> **Description of the task**
What I need is an exact repeat of the lines from the one with "Requena lleva ‘La" through the end of the listing below. Leave out every picture.

> **Records for the task**
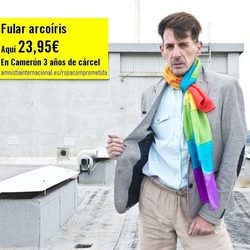 Fular arcoiris de la colección 'Ropa Comprometida' de Amnistía Internacional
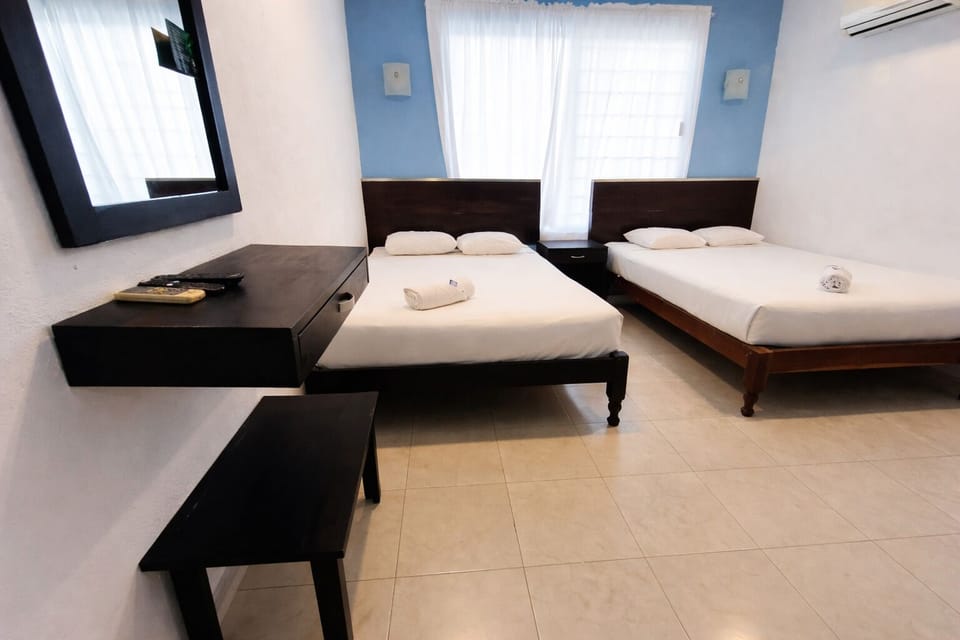 Double Room | Desk, laptop workspace, iron/ironing board (on request), WiFi (free)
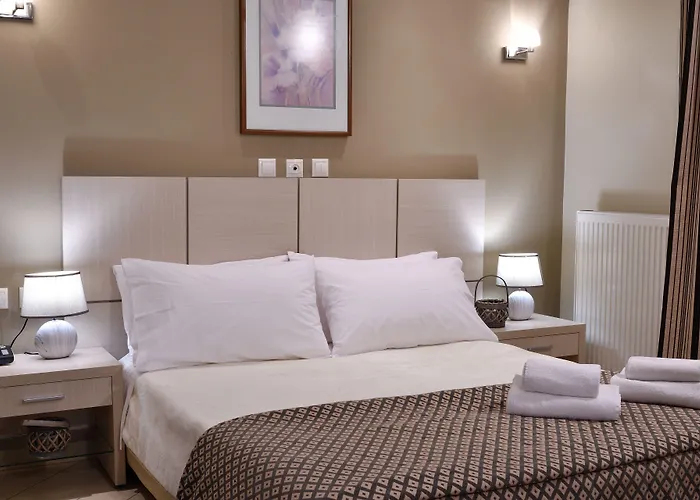 Four Seasons Hotel 3*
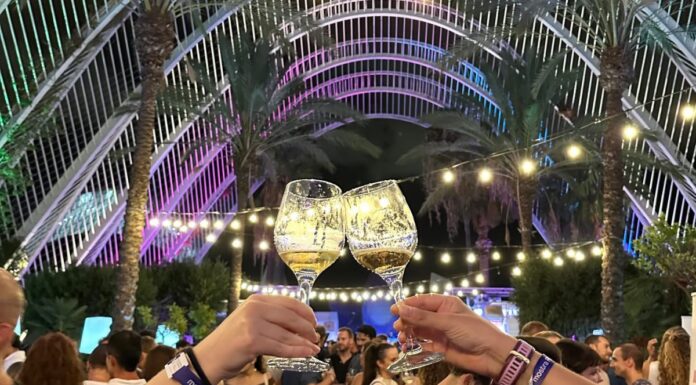 Requena lleva ‘La gran fiesta del verano’ a L’Umbracle el próximo 23 de julio Una edición anterior de la celebración de Requena en Umbracle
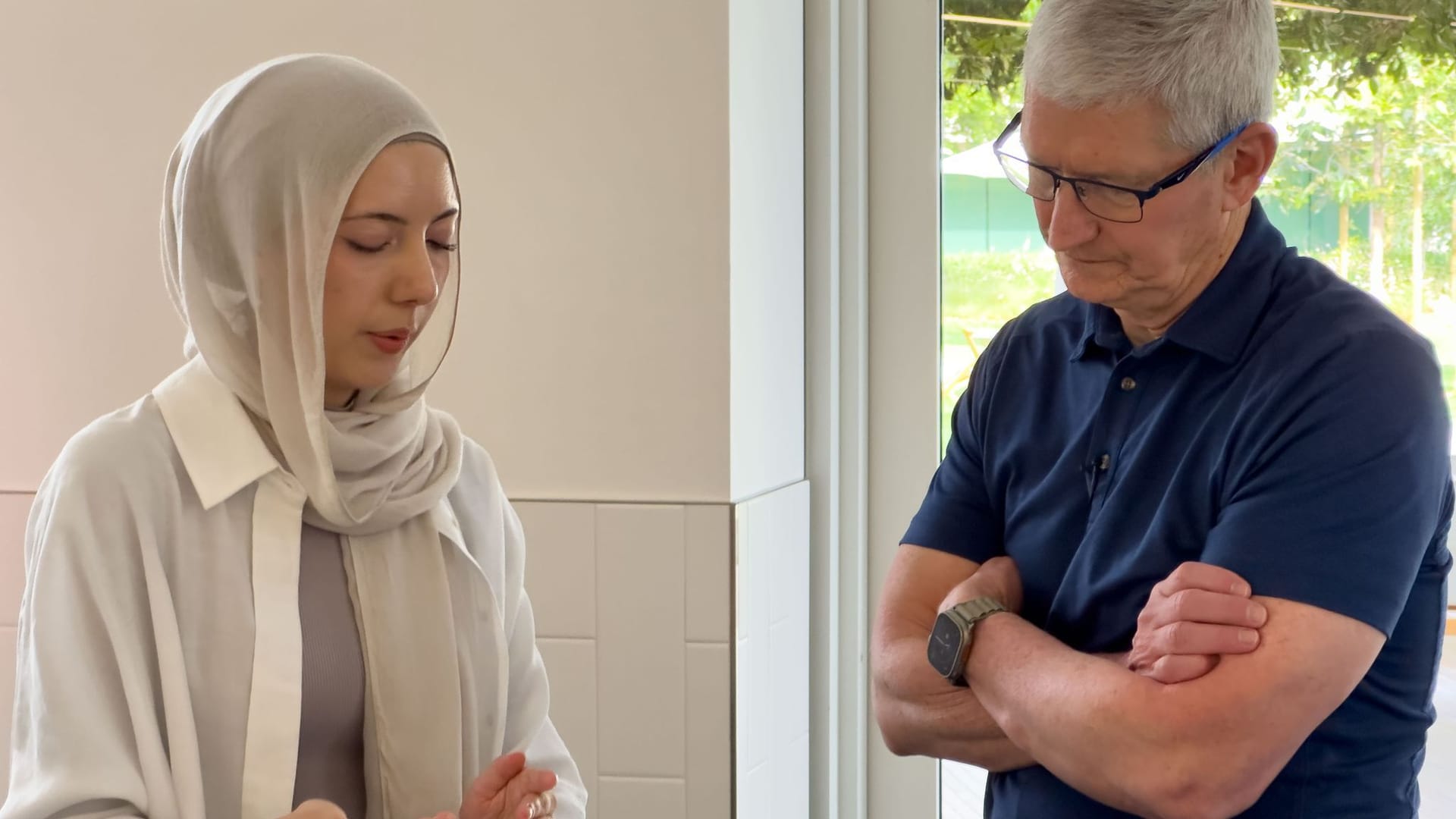 "Nachdem ich Vildan getroffen habe, weiß ich, dass sie eine vielversprechende Karriere vor sich hat", sagte der Apple-Chef nach der Präsentation der Dortmunderin.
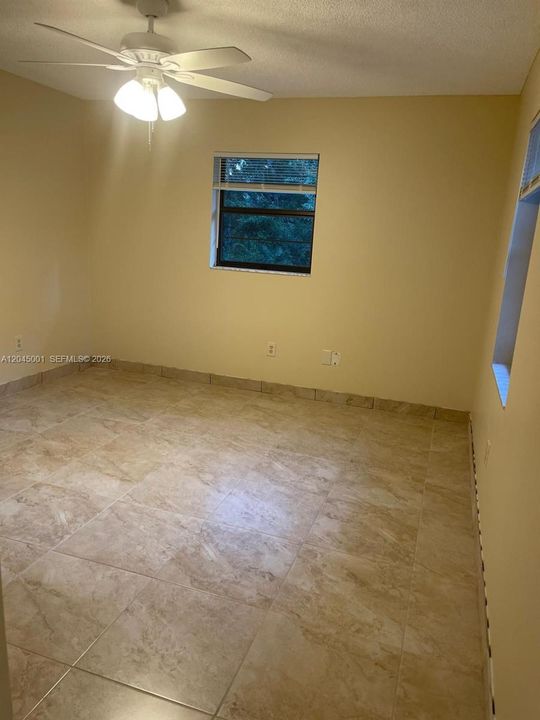 En Venta: $350,000 (2 camas, 2 baños, 0 Pies cuadrados)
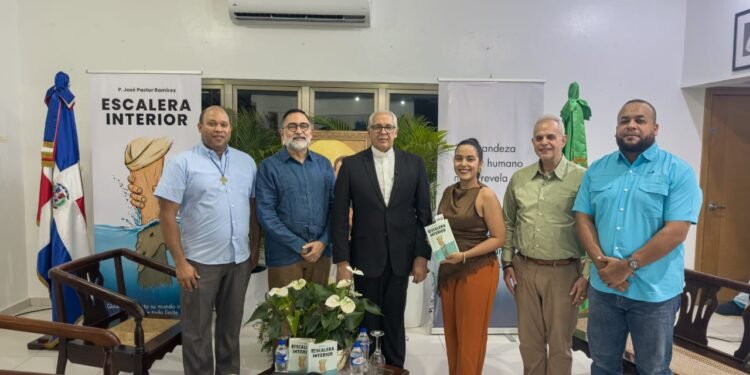 Presentan en Jarabacoa libro «Escalera interior», del sacerdote salesiano José Pastor Ramírez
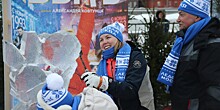 Звездные актеры и блогеры вырезали ледяные скульптуры в Москве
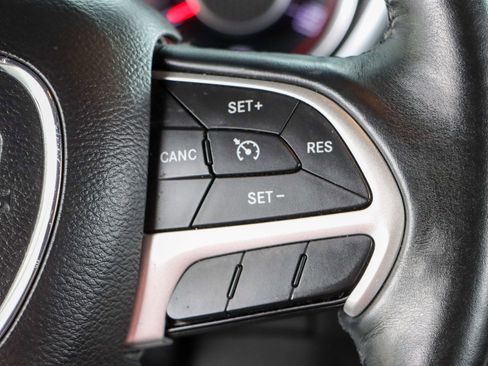 Used 2016 Dodge Challenger SXT Plus image 14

> **Solution below**
 Requena lleva ‘La gran fiesta del verano’ a L’Umbracle el próximo 23 de julio Una edición anterior de la celebración de Requena en Umbracle
 "Nachdem ich Vildan getroffen habe, weiß ich, dass sie eine vielversprechende Karriere vor sich hat", sagte der Apple-Chef nach der Präsentation der Dortmunderin.
 En Venta: $350,000 (2 camas, 2 baños, 0 Pies cuadrados)
 Presentan en Jarabacoa libro «Escalera interior», del sacerdote salesiano José Pastor Ramírez
 Звездные актеры и блогеры вырезали ледяные скульптуры в Москве
 Used 2016 Dodge Challenger SXT Plus image 14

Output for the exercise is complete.